- DVD cover
- Directed by: Ratno Timoer
- Written by: Imam Tantowi
- Produced by: Gope T. Samtani
- Starring: Barry Prima Advent Bangun Yos Santo
- Cinematography: Herman Susilo
- Edited by: E. Muksin Hamzah
- Music by: Gatot Sudarto
- Distributed by: Rapi Films
- Release date: 1984;
- Running time: 101 minutes
- Country: Indonesia
- Language: Indonesian

= The Devil's Sword =

The Devil's Sword (Indonesian: Golok Setan) is a 1984 Indonesian sword and sorcery film directed by Ratno Timoer. The film stars Indonesian action star Barry Prima who appears in such films as Ferocious Female Freedom Fighters and The Warrior. The Devil's Sword crosses over into many different genres of film. The film features martial arts, and also elements of fantasy, horror, sci-fi, and also some mild sexual content due to the portrayal of the Crocodile Queen.

==Background==
Just like the better-known character Jaka Sembung, the protagonist of the film is taken from a comic book. 1987 film Mandala Dari Sungai Ular (Mandala from the Snake River), a sequel to The Devil's Sword, is an eponymous adaptation of the cartoon.

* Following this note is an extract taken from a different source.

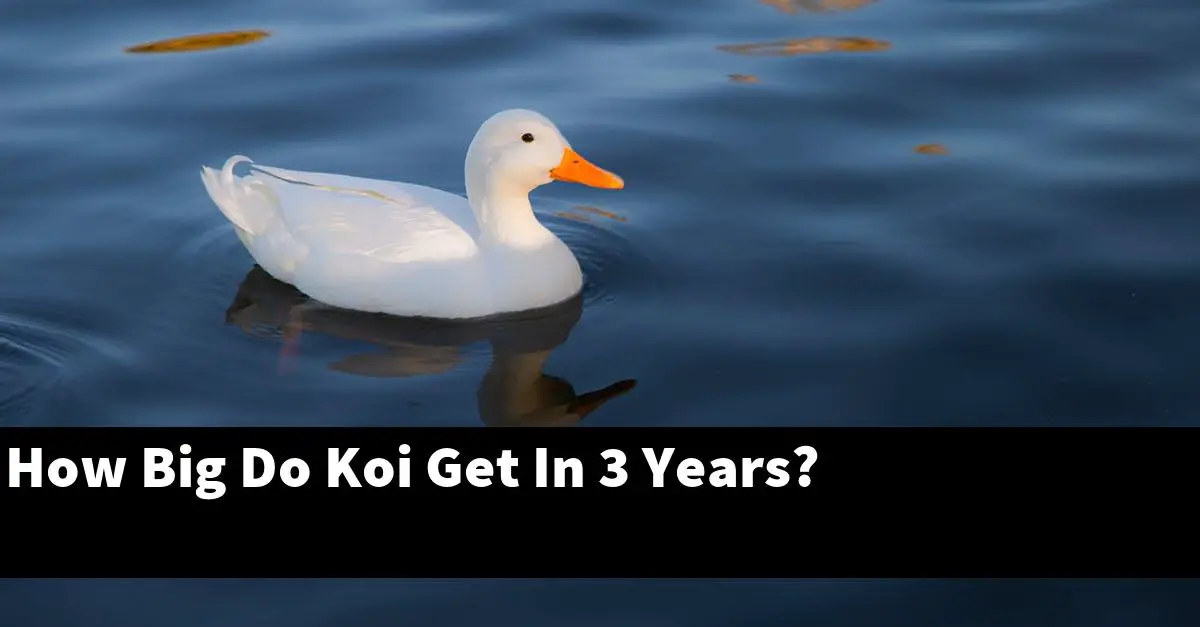 How Big Do Koi Get In 3 Years?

The main difference between two characters is that Mandala is a warrior from the mythical pre-Islamic times of the Archipelago while Jaka Sembung is a Muslim and West Javanese freedom fighter against Dutch colonial rule.

==Plot==
The Devil's Sword follows a quest to find an ancient sword that was forged from a mysterious metallic substance that fell to earth in the form of a meteorite. An old man who finds the meteorite creates the Devil's Sword, and he hides it after it burns down his hut. Whoever wields the sword holds the greatest power imaginable in his hands. Banyujaga (Advent Bangun) is sent by the Crocodile Queen (Gudhi Sintara) to steal the fiancé of a local village's princess (Enny Christina) to keep as her own subject. During the raid on the village, Mandala (Barry Prima), a one-time colleague of Banyujaga, sees the scuffle and helps defend the village, and ends up helping the princess recover her husband-to-be. Mandala recovers the Devil's Sword and must defeat the Crocodile Queen and Banyujaga.